C’est dans le cadre du Centenaire de la Grande Guerre que s’est tenu à Marseille, en décembre 2014, un colloque international sur le Front d’Orient. L’ouvrage présenté ici en reprend le contenu. Mais contrairement à ce que pourrait laisser penser le titre, il ne s’agit pas d’un récit des opérations militaires de ce front. Certes, tout au long de l’ouvrage l’importance de ce théâtre d’opération est rappelée ; mais l’étude est bien plus vaste. A travers les communications des divers spécialistes, c’est toute la problématique de l’engagement des alliés dans les Balkans qui est abordée, des Dardanelles à l’armée de Salonique en passant par les relations entretenues par les puissances avec les pays balkaniques. Plus inédit, l’ouvrage s’intéresse aussi aux raisons de l’engagement de ces mêmes pays dans la guerre et donne ainsi à voir les logiques auxquelles ils obéissent.

Les opérations et intérêts des grandes puissances dans les Balkans.
L’engagement des pays de l’Entente dans les Balkans se résume en général dans la mémoire collective à la désastreuse expédition des Dardanelles. La communication de John Horne permet de mesurer le poids de l’engagement français dans celle-ci et de s’interroger sur sa faible place dans notre mémoire. Car si l’on regarde l’ampleur de la présence française, des pertes subies, on est surpris de constater que cela dépasse l’implication, pourtant connue, de l’ANZAC (australiens et néozélandais). Un oubli mémoriel qui pourrait venir de la manière dont les pays de l’Entente ont abordé cette opération, comme une opération coloniale : sous-estimation de la force de l’adversaire, appel à des troupes issues en majorité des colonies et non de la métropole.
Alors que dans la mémoire collective turque, cet épisode est l’équivalent de Verdun pour les Français ou de la Somme pour les Britanniques.

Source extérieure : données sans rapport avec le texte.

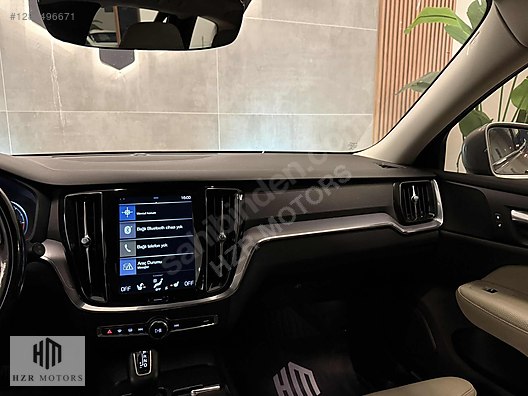 HZR MOTORS 2020 HATASIZ VOLVO COUNTRY 2.0 D4 HAYALET CAM TAVAN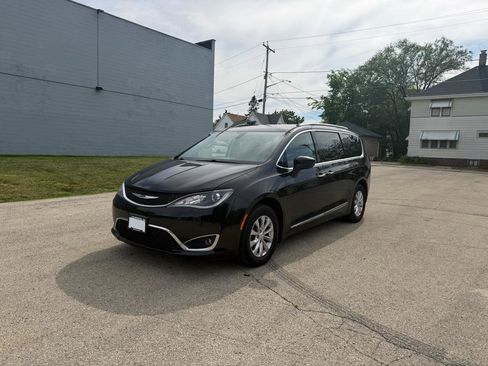 Used 2018 Chrysler Pacifica Touring-L FWD image 3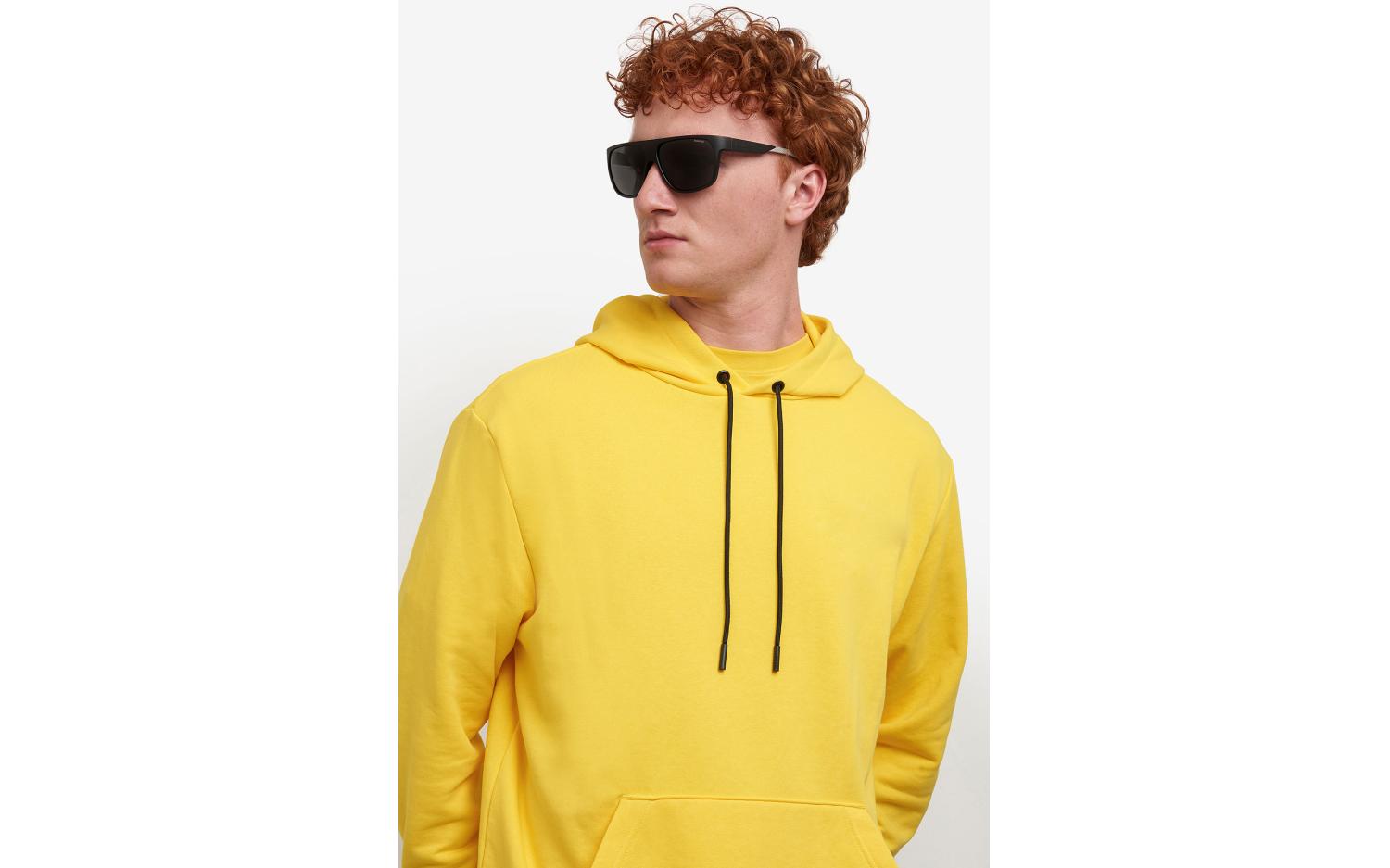 Gallery image for /media/thumbs/100x62.5/media/product_images/Polaroid-Sunglasses-PLD-7053-S-Model2fw100fh62.5.jpg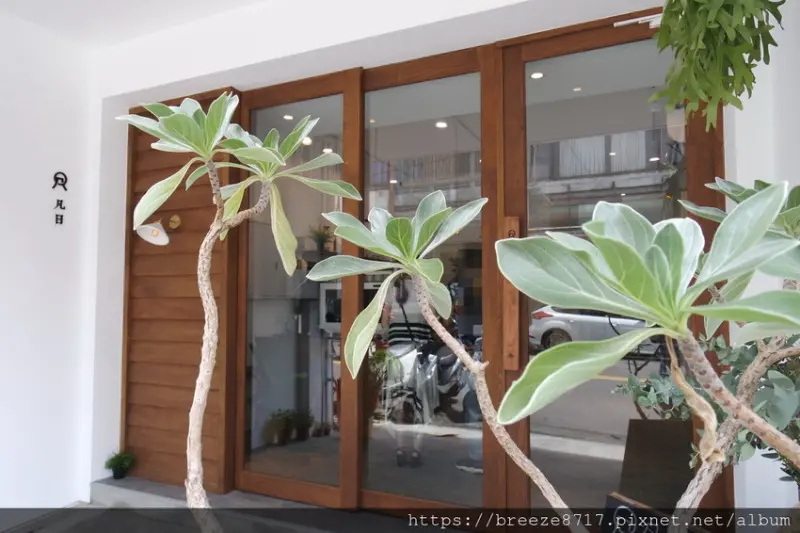 凡日 bread & meal｜白色文青風小店【台中市】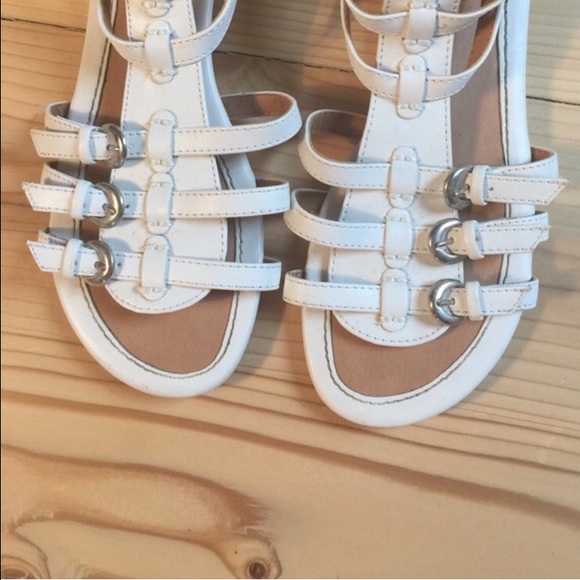 Sandals - Picture 2 of 3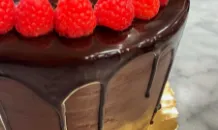 RASPBERRY CHOCOLATE CAKE
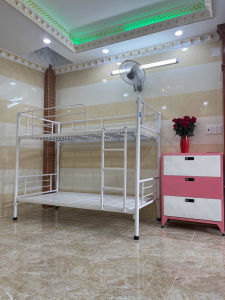 Giường sắt hai tầng 2 lan can trắng kích thước 1m2 x 1m2 ĐẠI THÀNH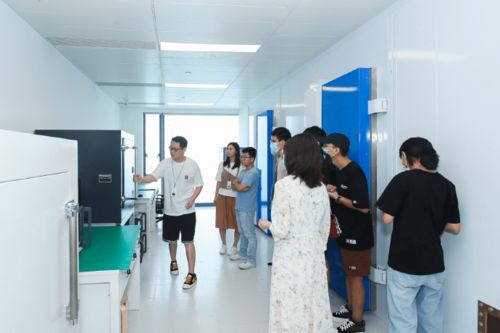 前海5G通信實(shí)驗(yàn)室正式亮相，F(xiàn)ind X3斬獲通信桂冠 揭秘綠廠(chǎng)深厚技術(shù)實(shí)力與前瞻布局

Alexandre Toumarkine montre comment celle-ci est utilisée par la propagande ottomane pour cacher les difficultés rencontrées sur les autres fronts. La récupération s’accentue après guerre avec le kémalisme qui voit là l’occasion de mettre en avant son chef. Même actuellement, celle-ci est l’objet de débats entre l’AKP et les militaires turcs sur le sens à donner aux motivations des combattants.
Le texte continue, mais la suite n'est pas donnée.